## [WHAT YOU SHOULD DO]
Would you copy exactly the lines in the data below from the one that has "A plate of mixed" through the one that has "The Bed Stu", dropping any pictures?

## [RECORDS TO USE]
----------
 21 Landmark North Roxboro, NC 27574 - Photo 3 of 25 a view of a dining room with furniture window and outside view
----------
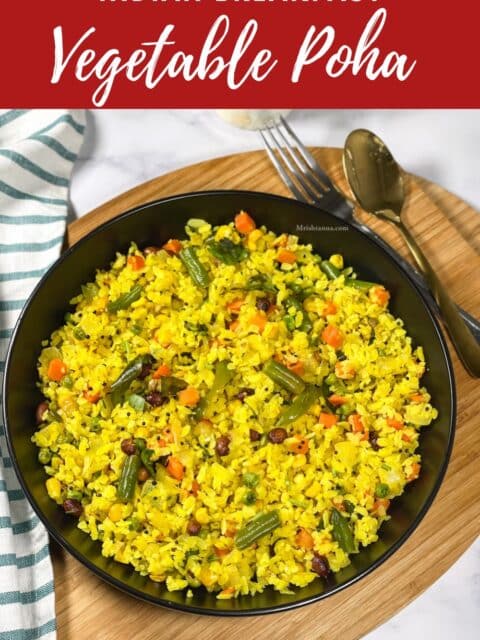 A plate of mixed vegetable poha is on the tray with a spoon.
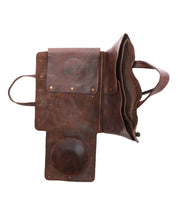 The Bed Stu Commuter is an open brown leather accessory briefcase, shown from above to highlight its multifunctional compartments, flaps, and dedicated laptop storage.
----------
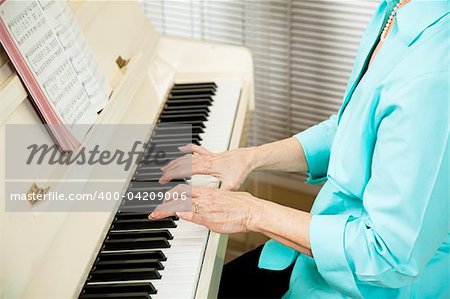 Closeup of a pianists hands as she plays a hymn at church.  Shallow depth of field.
----------
## [EXPECTED ANSWER]
 A plate of mixed vegetable poha is on the tray with a spoon.
 The Bed Stu Commuter is an open brown leather accessory briefcase, shown from above to highlight its multifunctional compartments, flaps, and dedicated laptop storage.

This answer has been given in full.